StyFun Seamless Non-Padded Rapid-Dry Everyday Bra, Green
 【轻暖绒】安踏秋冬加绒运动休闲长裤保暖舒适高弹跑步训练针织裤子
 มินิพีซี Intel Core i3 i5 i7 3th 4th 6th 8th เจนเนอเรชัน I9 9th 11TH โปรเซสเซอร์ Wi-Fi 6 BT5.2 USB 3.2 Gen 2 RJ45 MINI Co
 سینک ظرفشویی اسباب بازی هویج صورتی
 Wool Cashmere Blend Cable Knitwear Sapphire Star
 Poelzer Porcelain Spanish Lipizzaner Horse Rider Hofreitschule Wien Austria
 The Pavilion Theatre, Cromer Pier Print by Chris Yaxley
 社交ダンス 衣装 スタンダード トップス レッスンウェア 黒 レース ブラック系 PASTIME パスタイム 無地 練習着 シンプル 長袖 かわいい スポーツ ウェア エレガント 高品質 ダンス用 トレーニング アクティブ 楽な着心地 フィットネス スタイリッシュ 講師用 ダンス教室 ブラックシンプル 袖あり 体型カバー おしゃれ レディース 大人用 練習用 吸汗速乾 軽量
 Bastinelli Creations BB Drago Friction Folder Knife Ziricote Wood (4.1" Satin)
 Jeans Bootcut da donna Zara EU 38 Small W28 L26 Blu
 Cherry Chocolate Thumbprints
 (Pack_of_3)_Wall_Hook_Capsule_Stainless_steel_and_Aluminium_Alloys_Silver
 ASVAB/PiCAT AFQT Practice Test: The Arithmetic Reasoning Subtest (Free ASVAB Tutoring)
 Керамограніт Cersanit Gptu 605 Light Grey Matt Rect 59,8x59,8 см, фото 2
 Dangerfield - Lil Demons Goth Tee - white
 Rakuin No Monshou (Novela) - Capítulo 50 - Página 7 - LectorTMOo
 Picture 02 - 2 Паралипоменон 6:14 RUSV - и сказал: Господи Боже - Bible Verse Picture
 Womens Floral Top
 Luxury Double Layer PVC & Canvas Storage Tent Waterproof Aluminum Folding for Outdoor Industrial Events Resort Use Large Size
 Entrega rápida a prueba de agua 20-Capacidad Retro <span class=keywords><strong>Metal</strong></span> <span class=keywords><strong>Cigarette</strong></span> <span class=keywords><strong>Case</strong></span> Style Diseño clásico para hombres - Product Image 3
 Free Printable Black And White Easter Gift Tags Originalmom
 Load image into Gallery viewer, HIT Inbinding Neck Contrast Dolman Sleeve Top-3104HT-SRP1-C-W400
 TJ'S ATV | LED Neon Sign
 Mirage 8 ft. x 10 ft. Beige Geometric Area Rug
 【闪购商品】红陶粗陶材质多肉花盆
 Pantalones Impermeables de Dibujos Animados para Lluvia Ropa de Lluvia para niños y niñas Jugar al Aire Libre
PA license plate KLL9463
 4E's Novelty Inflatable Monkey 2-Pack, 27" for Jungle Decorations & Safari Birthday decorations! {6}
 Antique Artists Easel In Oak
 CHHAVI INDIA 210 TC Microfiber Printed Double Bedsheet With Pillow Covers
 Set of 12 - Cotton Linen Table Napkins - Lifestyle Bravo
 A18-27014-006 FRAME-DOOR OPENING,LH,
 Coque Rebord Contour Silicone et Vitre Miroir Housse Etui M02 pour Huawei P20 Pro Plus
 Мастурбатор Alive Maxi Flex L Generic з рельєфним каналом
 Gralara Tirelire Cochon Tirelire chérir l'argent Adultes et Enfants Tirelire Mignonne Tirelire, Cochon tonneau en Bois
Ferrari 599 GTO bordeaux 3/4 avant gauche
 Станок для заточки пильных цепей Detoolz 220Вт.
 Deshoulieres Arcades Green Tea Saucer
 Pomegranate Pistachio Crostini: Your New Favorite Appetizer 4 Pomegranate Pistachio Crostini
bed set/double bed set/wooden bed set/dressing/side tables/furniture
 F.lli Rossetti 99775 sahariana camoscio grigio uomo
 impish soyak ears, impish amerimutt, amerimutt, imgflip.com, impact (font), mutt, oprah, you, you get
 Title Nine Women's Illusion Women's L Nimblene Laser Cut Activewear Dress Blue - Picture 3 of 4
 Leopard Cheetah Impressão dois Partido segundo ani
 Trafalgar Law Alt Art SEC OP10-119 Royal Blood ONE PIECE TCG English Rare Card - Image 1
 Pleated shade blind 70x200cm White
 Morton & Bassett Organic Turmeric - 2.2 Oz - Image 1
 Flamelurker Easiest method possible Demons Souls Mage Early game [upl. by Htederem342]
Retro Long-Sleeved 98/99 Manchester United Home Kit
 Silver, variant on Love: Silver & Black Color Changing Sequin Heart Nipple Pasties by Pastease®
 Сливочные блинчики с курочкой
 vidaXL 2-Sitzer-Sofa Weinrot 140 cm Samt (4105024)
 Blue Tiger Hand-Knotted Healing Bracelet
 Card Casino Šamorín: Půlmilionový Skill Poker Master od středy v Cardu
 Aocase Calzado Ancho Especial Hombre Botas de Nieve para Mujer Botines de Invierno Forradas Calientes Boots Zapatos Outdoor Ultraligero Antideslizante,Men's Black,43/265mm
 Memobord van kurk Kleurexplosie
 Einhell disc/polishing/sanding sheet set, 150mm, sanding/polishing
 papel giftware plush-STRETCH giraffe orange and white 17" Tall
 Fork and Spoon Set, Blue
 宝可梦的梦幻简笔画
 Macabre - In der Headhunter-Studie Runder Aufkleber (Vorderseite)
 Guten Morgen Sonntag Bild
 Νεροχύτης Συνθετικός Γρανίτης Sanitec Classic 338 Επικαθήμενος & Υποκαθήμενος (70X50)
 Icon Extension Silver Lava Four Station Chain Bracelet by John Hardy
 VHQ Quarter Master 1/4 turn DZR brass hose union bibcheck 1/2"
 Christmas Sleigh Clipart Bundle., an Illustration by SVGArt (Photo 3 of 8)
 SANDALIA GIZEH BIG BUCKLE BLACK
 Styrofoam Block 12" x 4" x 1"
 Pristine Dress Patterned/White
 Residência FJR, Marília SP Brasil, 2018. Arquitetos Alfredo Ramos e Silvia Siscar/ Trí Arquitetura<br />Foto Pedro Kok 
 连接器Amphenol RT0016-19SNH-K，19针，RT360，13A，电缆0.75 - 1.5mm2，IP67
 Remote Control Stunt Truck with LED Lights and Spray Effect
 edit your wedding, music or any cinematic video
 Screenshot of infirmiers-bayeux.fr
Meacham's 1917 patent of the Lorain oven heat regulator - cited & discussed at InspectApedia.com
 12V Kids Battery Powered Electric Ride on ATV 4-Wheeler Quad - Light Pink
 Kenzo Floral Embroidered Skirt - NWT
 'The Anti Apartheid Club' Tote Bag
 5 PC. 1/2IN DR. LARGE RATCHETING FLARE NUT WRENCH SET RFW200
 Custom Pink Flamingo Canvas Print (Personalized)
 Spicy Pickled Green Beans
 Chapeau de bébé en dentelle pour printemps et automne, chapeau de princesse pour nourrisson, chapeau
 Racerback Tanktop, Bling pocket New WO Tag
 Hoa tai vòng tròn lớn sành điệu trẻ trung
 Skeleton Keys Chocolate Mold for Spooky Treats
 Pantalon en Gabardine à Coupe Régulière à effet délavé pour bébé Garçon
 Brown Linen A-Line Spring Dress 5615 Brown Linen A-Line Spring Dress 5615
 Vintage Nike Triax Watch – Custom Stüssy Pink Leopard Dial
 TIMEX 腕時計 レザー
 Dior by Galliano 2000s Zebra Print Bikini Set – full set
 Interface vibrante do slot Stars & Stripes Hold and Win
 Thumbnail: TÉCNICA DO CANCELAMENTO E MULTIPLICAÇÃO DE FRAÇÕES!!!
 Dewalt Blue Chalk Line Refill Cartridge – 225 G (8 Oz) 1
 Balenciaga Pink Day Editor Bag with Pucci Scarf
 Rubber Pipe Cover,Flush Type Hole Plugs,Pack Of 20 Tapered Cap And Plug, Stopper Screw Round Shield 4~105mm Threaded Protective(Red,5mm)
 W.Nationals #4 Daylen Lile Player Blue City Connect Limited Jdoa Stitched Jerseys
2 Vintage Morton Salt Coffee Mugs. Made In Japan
++++++++
§ Problem
All lines above from the one with "vidaXL 2-Sitzer-Sofa Weinrot" to the one with "Hoa tai vòng tròn lớn sành điệu trẻ trung", inclusive, should be copied exactly, and no other lines.

§ Task solution
 vidaXL 2-Sitzer-Sofa Weinrot 140 cm Samt (4105024)
 Blue Tiger Hand-Knotted Healing Bracelet
 Card Casino Šamorín: Půlmilionový Skill Poker Master od středy v Cardu
 Aocase Calzado Ancho Especial Hombre Botas de Nieve para Mujer Botines de Invierno Forradas Calientes Boots Zapatos Outdoor Ultraligero Antideslizante,Men's Black,43/265mm
 Memobord van kurk Kleurexplosie
 Einhell disc/polishing/sanding sheet set, 150mm, sanding/polishing
 papel giftware plush-STRETCH giraffe orange and white 17" Tall
 Fork and Spoon Set, Blue
 宝可梦的梦幻简笔画
 Macabre - In der Headhunter-Studie Runder Aufkleber (Vorderseite)
 Guten Morgen Sonntag Bild
 Νεροχύτης Συνθετικός Γρανίτης Sanitec Classic 338 Επικαθήμενος & Υποκαθήμενος (70X50)
 Icon Extension Silver Lava Four Station Chain Bracelet by John Hardy
 VHQ Quarter Master 1/4 turn DZR brass hose union bibcheck 1/2"
 Christmas Sleigh Clipart Bundle., an Illustration by SVGArt (Photo 3 of 8)
 SANDALIA GIZEH BIG BUCKLE BLACK
 Styrofoam Block 12" x 4" x 1"
 Pristine Dress Patterned/White
 Residência FJR, Marília SP Brasil, 2018. Arquitetos Alfredo Ramos e Silvia Siscar/ Trí Arquitetura<br />Foto Pedro Kok 
 连接器Amphenol RT0016-19SNH-K，19针，RT360，13A，电缆0.75 - 1.5mm2，IP67
 Remote Control Stunt Truck with LED Lights and Spray Effect
 edit your wedding, music or any cinematic video
 Screenshot of infirmiers-bayeux.fr
Meacham's 1917 patent of the Lorain oven heat regulator - cited & discussed at InspectApedia.com
 12V Kids Battery Powered Electric Ride on ATV 4-Wheeler Quad - Light Pink
 Kenzo Floral Embroidered Skirt - NWT
 'The Anti Apartheid Club' Tote Bag
 5 PC. 1/2IN DR. LARGE RATCHETING FLARE NUT WRENCH SET RFW200
 Custom Pink Flamingo Canvas Print (Personalized)
 Spicy Pickled Green Beans
 Chapeau de bébé en dentelle pour printemps et automne, chapeau de princesse pour nourrisson, chapeau
 Racerback Tanktop, Bling pocket New WO Tag
 Hoa tai vòng tròn lớn sành điệu trẻ trung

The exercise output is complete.